For well over thirty years, courts across the nation maintained an interpretational unanimity in applying 18 U.S.C. § 922(g) in thousands of cases. This law specifies that a defendant commits a crime if they were previously convicted of a felony and then later possess a firearm in or affecting commerce. Under the original statutory interpretation, the government was only required to prove that a person knew of their possession of a firearm. However, in 2019, the Supreme Court of the United States overturned that traditional understanding. Under the more recent interpretation, the government is required to prove not only that a person knew of their possession of a firearm but also that they knew they were a convicted felon at the time of said possession. There is significant importance in requiring a culpable mental state where statutory elements criminalize otherwise innocent conduct. However, proving such a high mens rea is inherently difficult and stunts successful prosecutions. Thus, this Note acknowledges the many arguments that challenge the Supreme Court’s decision based on its harmful effect on prosecutions and inconsistency with public opinion.
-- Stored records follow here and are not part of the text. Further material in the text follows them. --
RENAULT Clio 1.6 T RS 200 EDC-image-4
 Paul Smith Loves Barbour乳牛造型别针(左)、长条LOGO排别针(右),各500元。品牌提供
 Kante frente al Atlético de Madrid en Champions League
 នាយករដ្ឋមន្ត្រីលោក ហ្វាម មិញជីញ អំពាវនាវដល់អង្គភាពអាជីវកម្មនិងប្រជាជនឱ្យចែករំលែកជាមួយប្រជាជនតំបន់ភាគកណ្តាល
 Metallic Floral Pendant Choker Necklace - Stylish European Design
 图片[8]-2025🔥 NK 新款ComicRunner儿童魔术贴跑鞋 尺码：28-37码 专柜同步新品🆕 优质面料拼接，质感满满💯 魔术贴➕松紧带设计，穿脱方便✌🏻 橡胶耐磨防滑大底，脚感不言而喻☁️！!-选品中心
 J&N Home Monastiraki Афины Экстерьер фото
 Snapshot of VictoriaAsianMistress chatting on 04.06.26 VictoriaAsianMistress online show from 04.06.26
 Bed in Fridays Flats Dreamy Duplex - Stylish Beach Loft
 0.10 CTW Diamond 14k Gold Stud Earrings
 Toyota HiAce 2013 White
More importantly, however, this Note establishes how state legislatures and courts must respond in light of this new, binding precedent. Both should adopt approaches that would avoid the need to prosecute altogether under the strenuous impositions of Rehaif v. United States. But further, in the event of unavoidable prosecution, both should take measures that enhance the chance to obtain convictions favorable to public safety. Overall, 18 U.S.C. § 922(g) does more to combat gun violence than any other law, and we must act to mitigate the effect of the increased mens rea requirement imposed by Rehaif.